There were numerous efforts by various foreign mediators to realize this possibility, but despite these efforts, it remained a mirage. For instance, in 2006, Russia broke ranks with the rest of the international community to provide funding to the unified PA/Hamas government, using this opportunity to establish itself as an interlocutor with both factions. The effort paid off. In 2017, Fatah and Hamas spent three days in Moscow, negotiating a new unity pact. The result was an agreement that was to pave the way towards the establishment of a National Council. The deal would also have included Palestinian Islamic Jihad. While the terms of the deal were not particularly different from the previous efforts, the new factor was that the Palestinians were now looking to Russia, rather than the then-Trump-led United States, as an intermediary and guarantor.
The internal differences between Fatah and Hamas are likely to remain too great to overcome – even with a new and presumably more amicable mediation partner. One of the main differences, which has persisted over time, was Hamas’s rejection of any dealings with Israel.
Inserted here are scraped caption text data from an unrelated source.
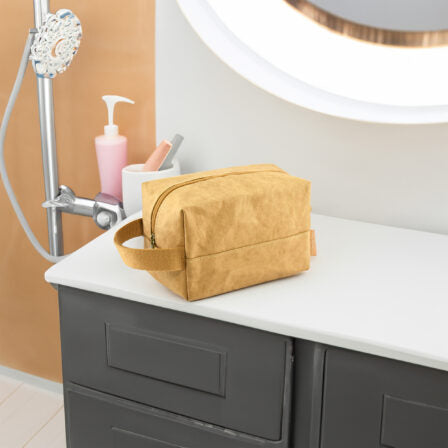 Munro Kraft Paper Cosmetic Bag - PPB023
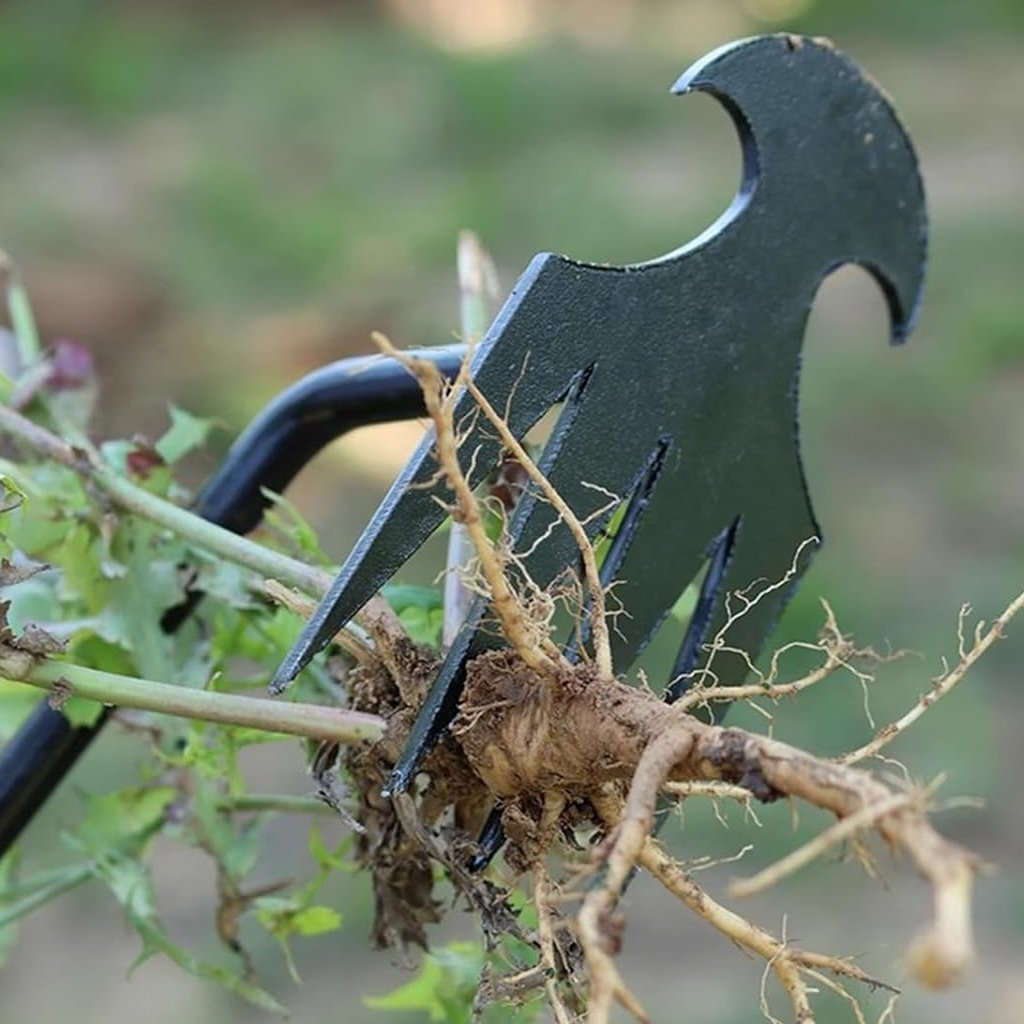GardenLift™ Ogräsverktyg – Smidigare rensning med bättre stöd för ryggen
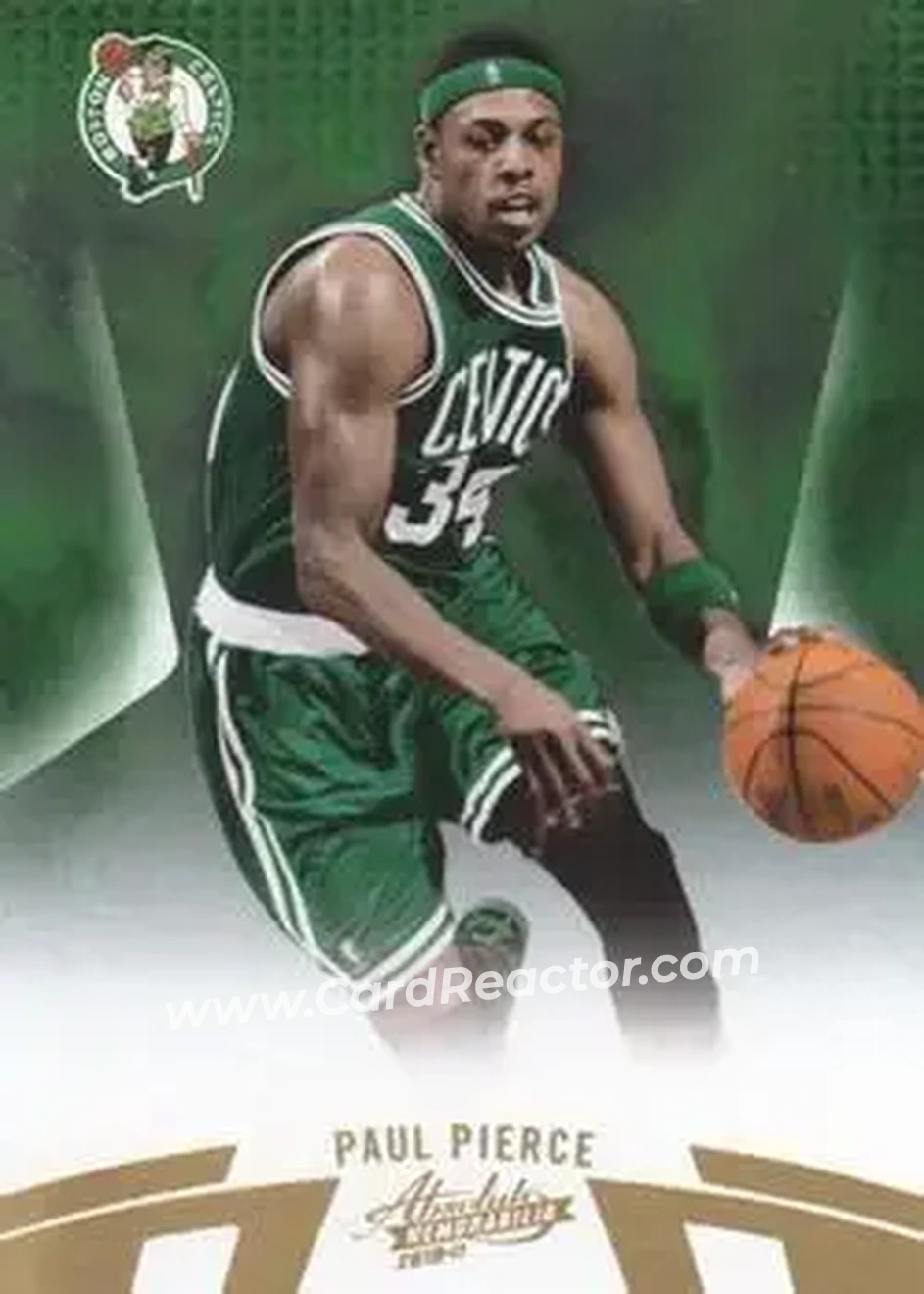 2010-11 Panini Absolute Memorabilia #9 - Paul Pierce - Boston Celtics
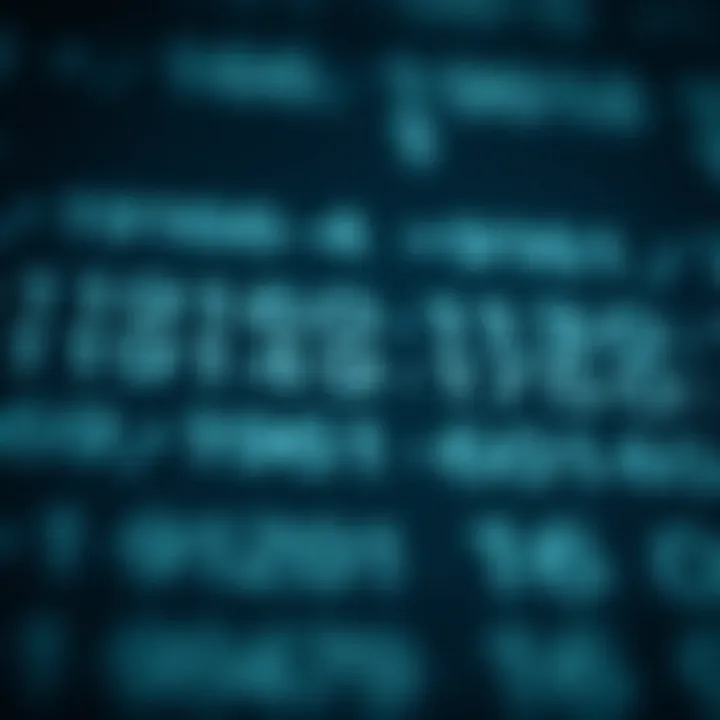 Visual example showing addition of binary numbers with detailed bitwise operations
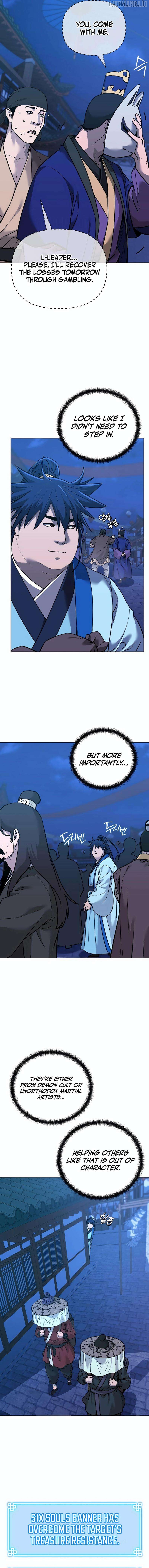 The Previous Life Murim Ranker Chapter 173 - page 4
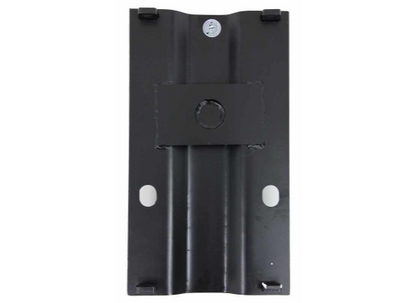 CURT Bent Plate 5th Wheel Gooseneck Hitch - 3" Offset - 25,000 lbs (16055) front view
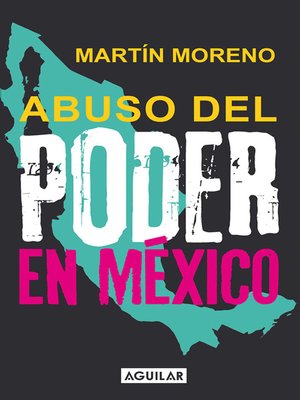 cover image of Abuso del poder en México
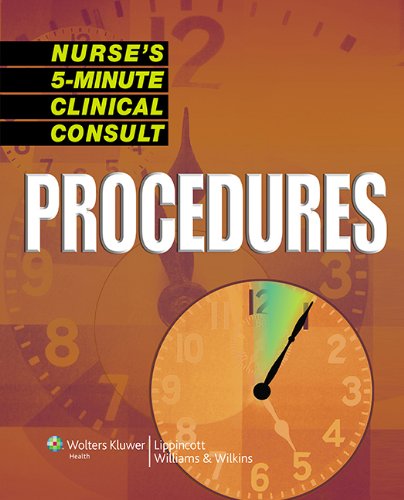 Nurse's 5-Minute Clinical Consult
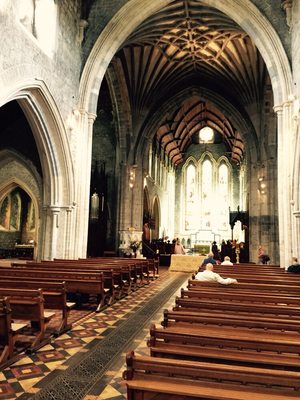 St Canice's Cathedral by null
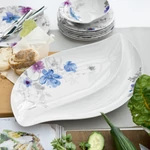 V&B Mariefleur Gris Serve & Salad kínálótál 50x30cm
While both Fatah-based PA and Hamas share the UNRWA-backed educational system which vilifies Israelis, and while incitement and terrorist attacks against Israelis remain par for the course in both jurisdictions, the PA has enjoyed the benefits of security cooperation with Israel, including vis-à-vis Hamas terror infrastructure, and has presented the face of seeming moderation, at least in part to ensure broader international legitimacy and support.
Part of Hamas’s continuing appeal among Palestinians has been its consistent dedication to the goals of resistance, in particular, the destruction of Israel, as outlined in its foundational charter of 1988. The very process of power-sharing amidst entrenched distrust between Abbas’s loyalists and the Hamas apparatus, too, remains a significant stumbling block. Notwithstanding political appearances and public statements, the actual prospect that the Hamas military force (or what remains of it) under Yahya Sinwar and Muhammad Deif would submit to the command of the PA security forces under Majid Faraj is practically at zero.